Please output exactly the lines below, starting at the line that has "Un edificio moderno" and ending at the line that has "various fare structures.", both included; leave out all pictures and include nothing else.

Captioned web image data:
# # #

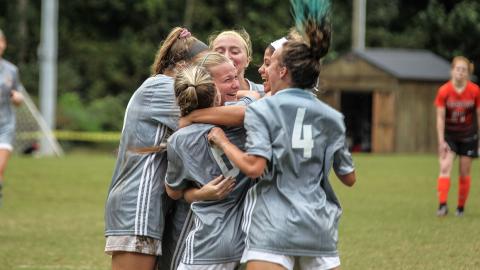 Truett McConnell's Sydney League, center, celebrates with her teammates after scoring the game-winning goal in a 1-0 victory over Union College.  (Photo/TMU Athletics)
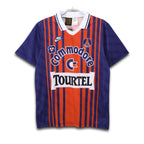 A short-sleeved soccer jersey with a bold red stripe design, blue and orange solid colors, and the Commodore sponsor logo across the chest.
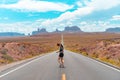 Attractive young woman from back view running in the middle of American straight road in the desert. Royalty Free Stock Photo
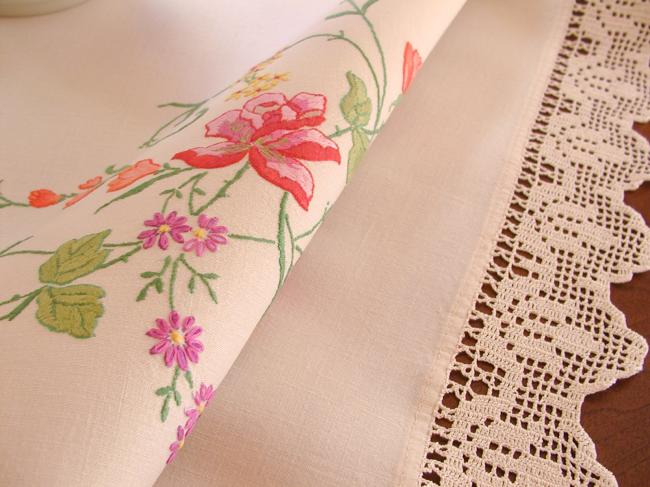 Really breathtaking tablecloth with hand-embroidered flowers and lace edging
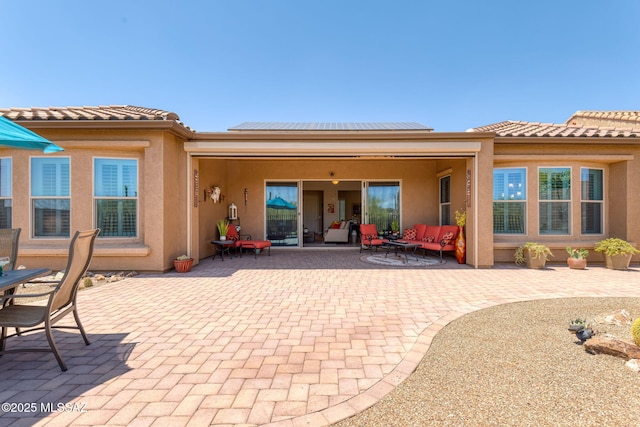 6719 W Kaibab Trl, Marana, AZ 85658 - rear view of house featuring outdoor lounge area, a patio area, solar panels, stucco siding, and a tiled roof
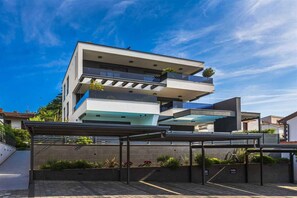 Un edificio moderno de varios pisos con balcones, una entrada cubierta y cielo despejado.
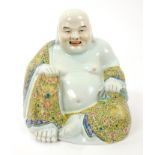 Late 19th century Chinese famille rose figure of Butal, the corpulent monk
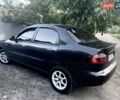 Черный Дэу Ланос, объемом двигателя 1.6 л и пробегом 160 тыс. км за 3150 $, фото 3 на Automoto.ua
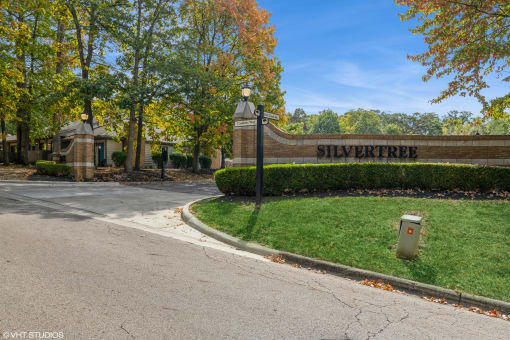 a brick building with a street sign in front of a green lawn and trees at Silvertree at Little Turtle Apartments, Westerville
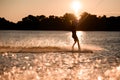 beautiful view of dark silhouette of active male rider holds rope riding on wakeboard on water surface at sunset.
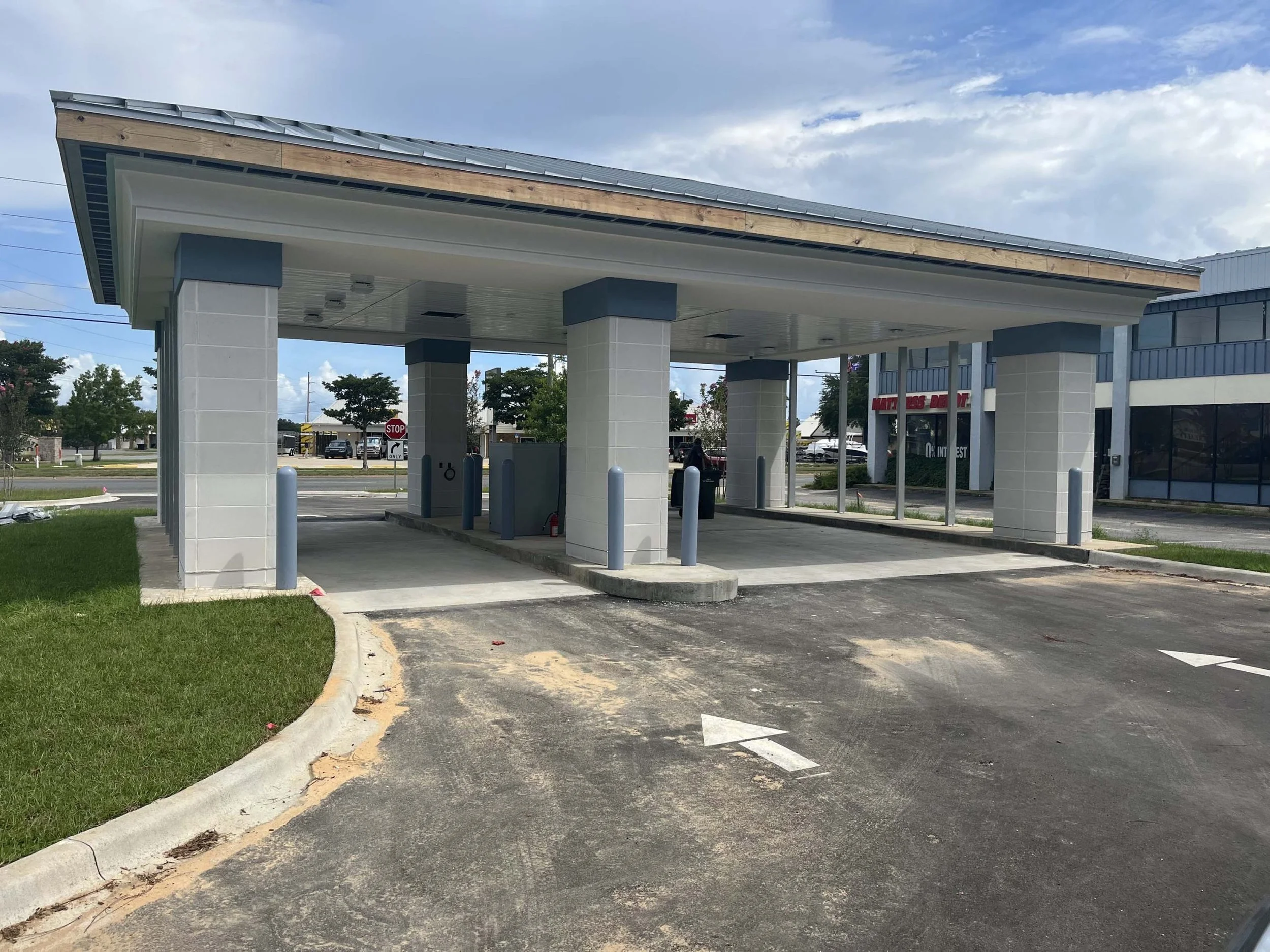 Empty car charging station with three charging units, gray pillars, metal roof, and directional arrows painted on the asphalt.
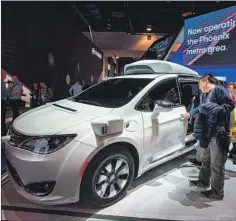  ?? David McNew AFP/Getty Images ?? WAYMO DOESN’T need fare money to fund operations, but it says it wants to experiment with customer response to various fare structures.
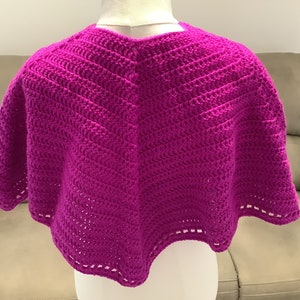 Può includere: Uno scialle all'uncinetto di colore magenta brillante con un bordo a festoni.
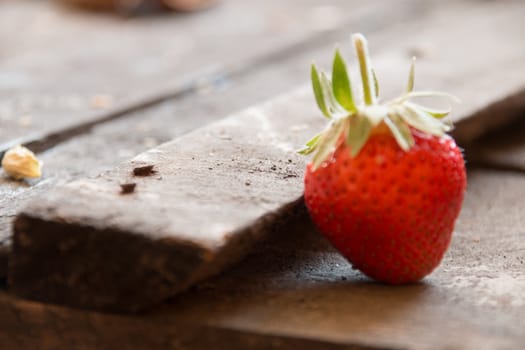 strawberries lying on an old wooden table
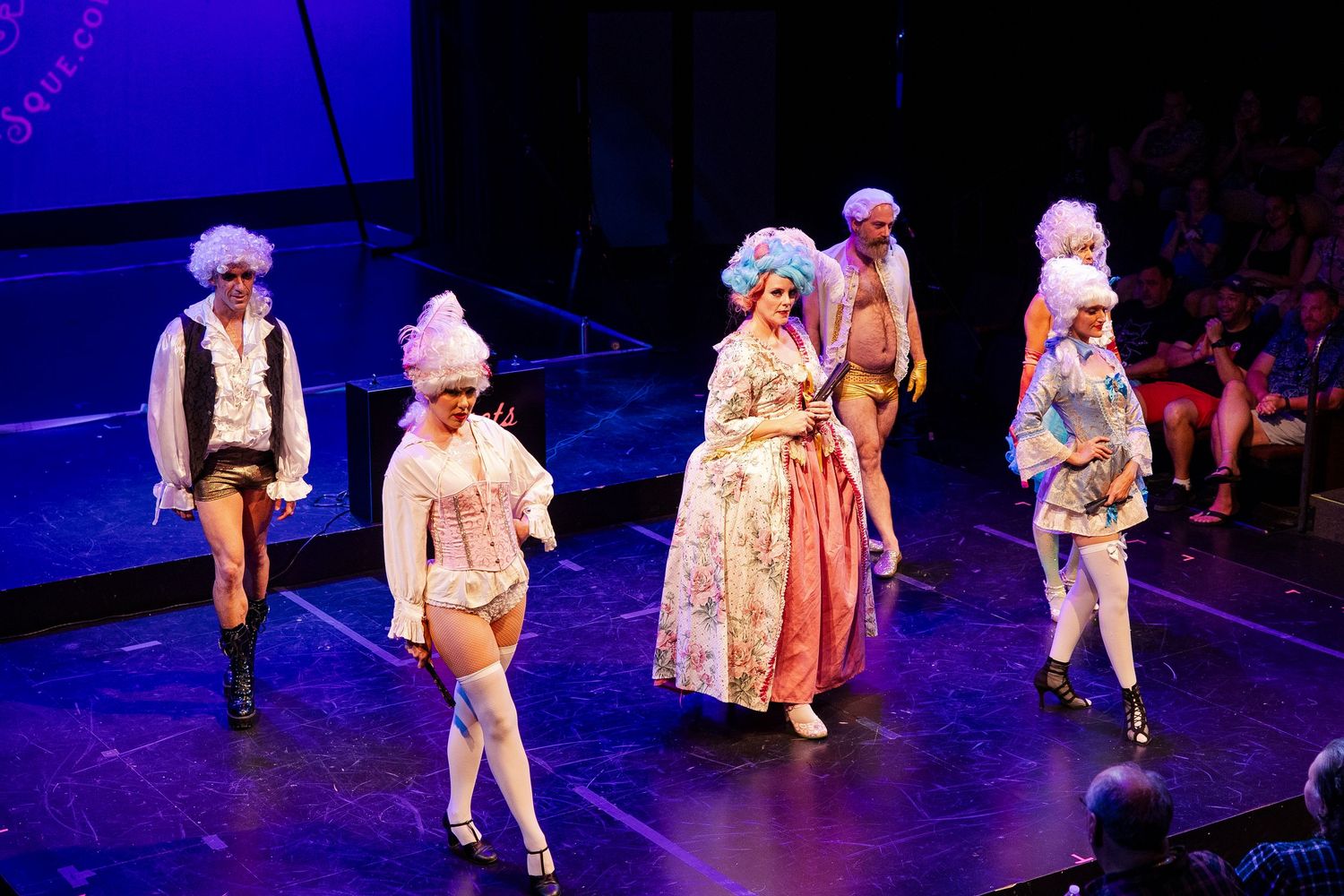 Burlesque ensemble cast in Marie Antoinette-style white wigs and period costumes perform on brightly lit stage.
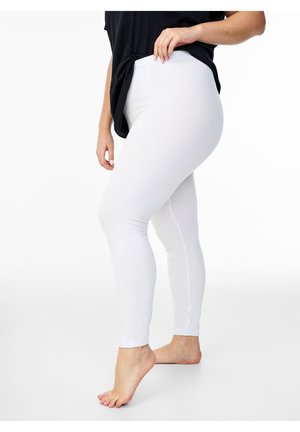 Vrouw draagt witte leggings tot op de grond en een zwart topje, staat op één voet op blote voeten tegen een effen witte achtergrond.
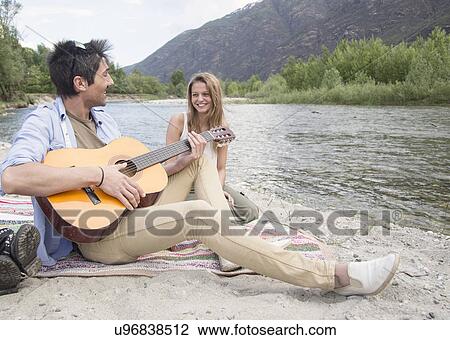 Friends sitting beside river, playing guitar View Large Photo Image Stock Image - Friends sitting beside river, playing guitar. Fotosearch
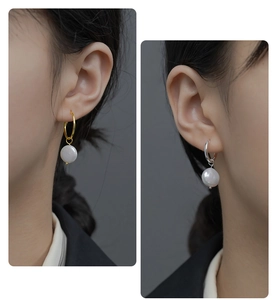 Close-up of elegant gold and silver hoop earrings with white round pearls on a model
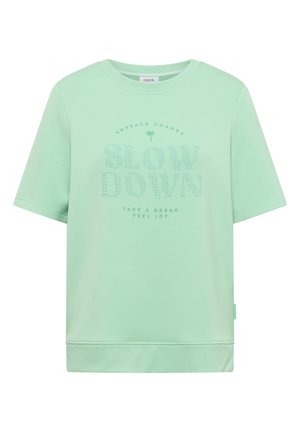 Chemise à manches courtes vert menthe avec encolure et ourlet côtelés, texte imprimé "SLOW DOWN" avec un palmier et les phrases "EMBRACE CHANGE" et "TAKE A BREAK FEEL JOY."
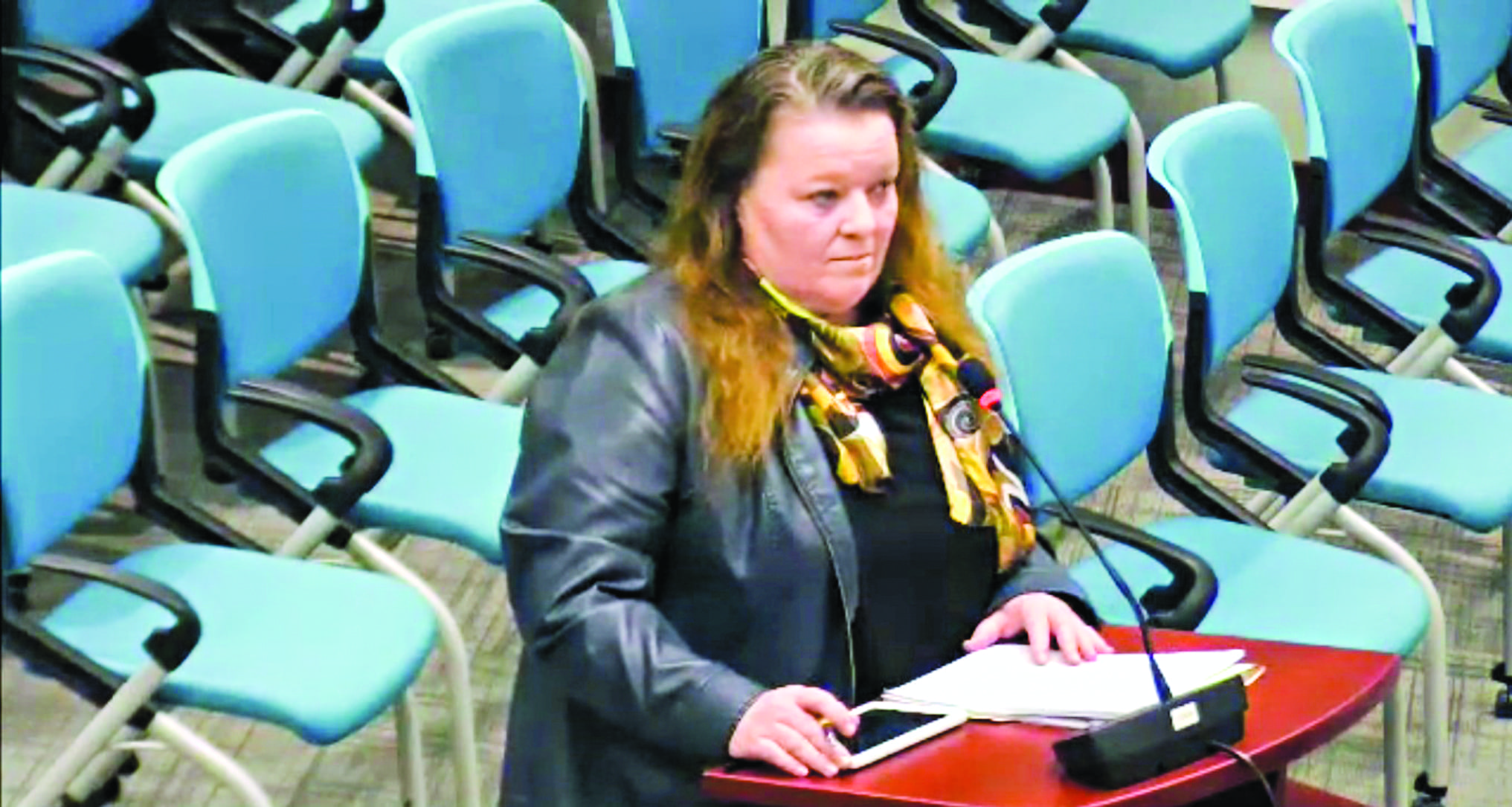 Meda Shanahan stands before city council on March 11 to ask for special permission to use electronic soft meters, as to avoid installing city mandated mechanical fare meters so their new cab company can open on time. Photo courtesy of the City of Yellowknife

# # #

Exercise solution
 Un edificio moderno de varios pisos con balcones, una entrada cubierta y cielo despejado.
 Late 19th century Chinese famille rose figure of Butal, the corpulent monk
 Черный Дэу Ланос, объемом двигателя 1.6 л и пробегом 160 тыс. км за 3150 $, фото 3 на Automoto.ua
 a brick building with a street sign in front of a green lawn and trees at Silvertree at Little Turtle Apartments, Westerville
 beautiful view of dark silhouette of active male rider holds rope riding on wakeboard on water surface at sunset.
 Empty car charging station with three charging units, gray pillars, metal roof, and directional arrows painted on the asphalt.
  ?? David McNew AFP/Getty Images ?? WAYMO DOESN’T need fare money to fund operations, but it says it wants to experiment with customer response to various fare structures.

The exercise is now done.